We have many times said that, where an administrative agency is given power to determine questions, such questions must, in the first instance, be submitted to it, and if a statutory method of appeal is provided, that must be, in general, followed. The courts do not favor the by-passing of administrative bodies, unless there is a clear necessity for a prior judicial decision. Where a constitutional question is involved, equity may, of course, intervene and act. The appellee here attempts to raise such a question. If its contention were upheld, action by the court would be entirely proper and would not violate our conception of administrative procedure. But we are unable to find that the Zoning Regulations are unreasonable or without any real and substantial relation to the public health, safety or welfare. Since we find that they are a valid exercise of the police power, the appellee must proceed under them, and cannot invoke the aid of the courts, unless some improper, illegal or arbitrary action is taken by the zoning authorities.

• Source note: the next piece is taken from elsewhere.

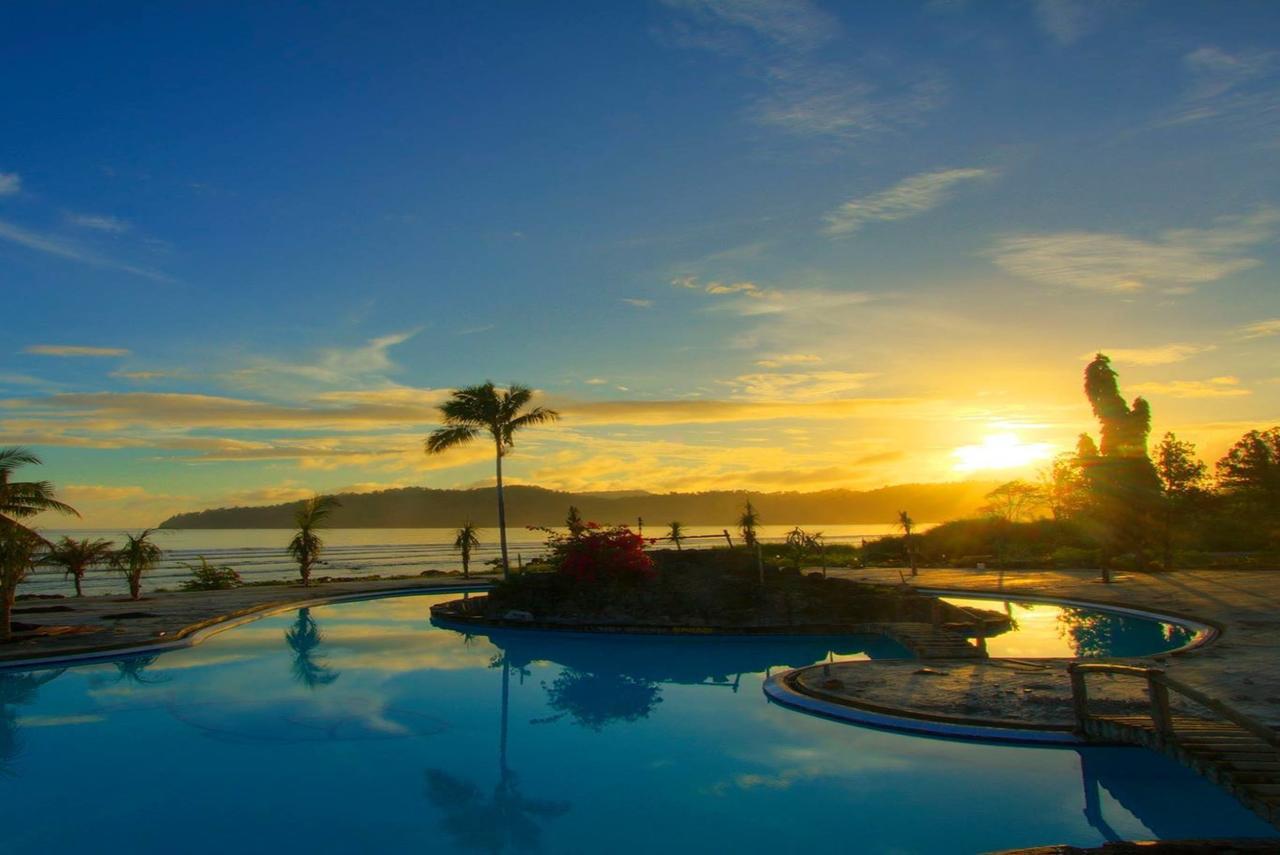Casabaio Paradise Resort Likupang Buitenkant foto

The case of Baltimore O.R. Co. v. Waters, 105 Md. 396,66 A. 685, 12 L.R.A., N.S., 326, presents a different picture. There the Legislature had passed an act, at the instance of various landowners, to prevent the construction of a steam railway in certain sections of Baltimore County. The Court held the act void because it was not passed in the interest of the public, but for the benefit of a particular class of people who lived near the proposed line of the railroad. When that case was decided the idea of zoning had been barely thought of, and the only question before the Court was whether the special act was a valid exercise of the police power. Here we have the exercise of that power in a way now well *Page 259 recognized, for the benefit of the entire community in the Metropolitan District, and not solely for the benefit of a particular class of land owners. The cases are readily distinguishable on this ground.
The appellee also contends, and the chancellor found, that it does not have to apply for a special permit because it has acquired a vested right (as distinguished from an existing use) in the construction of its overhead line. If this claim is substantiated, the taking of such a right is claimed to be in violation of due process.
The police power is not unlimited, and cannot be used to oppress. But it is one of the attributes of sovereignty, and will be upheld unless there is a clear violation of paramount rights. For example, this Court has sustained the right of the State, acting under such power, to nullify a contract for the labor of prisoners in the Penitentiary, when public policy made it necessary to employ them for other purposes, in spite of the interdiction in the Constitution of the United States against the impairment of the obligation of contracts. Jones Hollow Ware Co.v. Crane et al., 134 Md. 103, 106 A. 274, 3 A.L.R. 1658. In the instant case, the County Commissioners have not prohibited the construction of appellee's proposed overhead transmission line. They have only stipulated that any such line must be approved by the constituted authorities before it is built. Assuming, without deciding, the franchise of appellee confers upon it a vested right to construct a transmission line where such construction is contemplated, the question is whether the appellee, under the circumstances of the case before us, has extended that right to the construction of an overhead line without the necessity of a permit.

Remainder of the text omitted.